#### INSTRUCTIONS FOR THE TASK:
What is needed is an exact printout of all the data.

#### RECORDED DATA:
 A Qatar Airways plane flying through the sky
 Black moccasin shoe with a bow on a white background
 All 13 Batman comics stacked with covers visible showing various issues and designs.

#### SOLVED PROBLEM:
 A Qatar Airways plane flying through the sky
 Black moccasin shoe with a bow on a white background
 All 13 Batman comics stacked with covers visible showing various issues and designs.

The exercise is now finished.